Generating Asset Paths for Financial SDEs with GANs

Abstract

Generative adversarial networks (GANs) have shown promising results when applied on partial differential equations and financial time series generation. This thesis investigates if GANs can be used to provide a strong approximation to the solution of stochastic differential equations (SDEs) of the Ito type. Standard GANs are only able to approximate processes in conditional distribution, yielding a weak approximation to the SDE.
A novel GAN architecture is proposed that enables strong approximation, called the constrained GAN. The discriminator of this GAN is informed with the random sample that corresponds to the Brownian motion increment between two time steps. This way, the constrained GAN does not only learn the conditional distribution, but the unique map from a random increment to the next asset value along the path, conditional on the previous value.
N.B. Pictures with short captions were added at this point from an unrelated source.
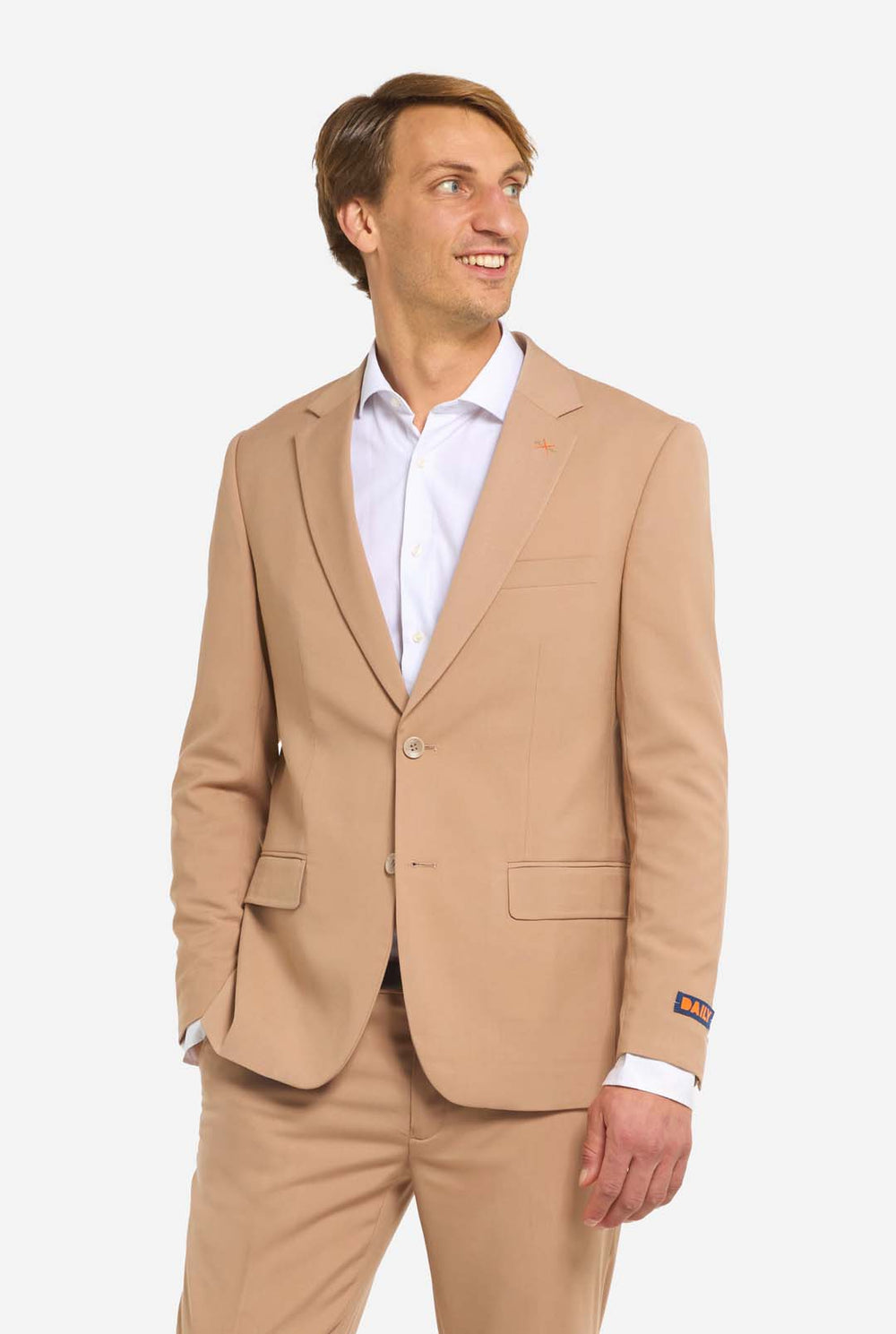 Afbeelding met lichtgrijze achtergrond en man die donker zand mannenpak en wit overhemd draagt. Pak bestaat uit blazer en broek. Kijkt naar de zijkant.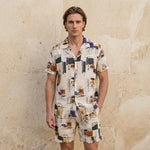 Male model wearing an ivory abstract print short-sleeve button-up shirt with matching summer shorts against a beige wall.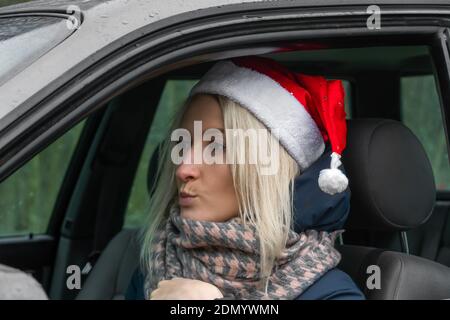 Jeune femme blonde dans un chapeau de Père Noël est assis au volant d'une voiture et regarde avec un regard sérieux et triste dans la distance Banque D'Images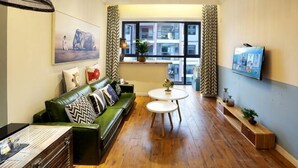 A furnished living room with a sofa, a coffee table, a TV, and a window with curtains. - Black Valley Purple Rose Inn (Chongqing)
The architecture was tested on geometric Brownian motion (GBM) and the Cox Ingersoll Ross (CIR) process in one dimension, where it was conditioned on a range of time steps and previous values of the asset process. The constrained GAN was shown to outperform discrete-time schemes in strong error on a discretisation with large time steps. It also outperformed the standard conditional GAN when approximating the conditional distribution. A method is proposed to extend the constrained GAN to general one-dimensional Ito SDEs, beyond the SDEs tested in this work. In future work, the constrained GAN should be conditioned on the SDE parameters as well, allowing it to learn an entire family of solutions at once. Furthermore, the architecture could be extended to higher dimensions, including systems of SDEs, such as the Heston model.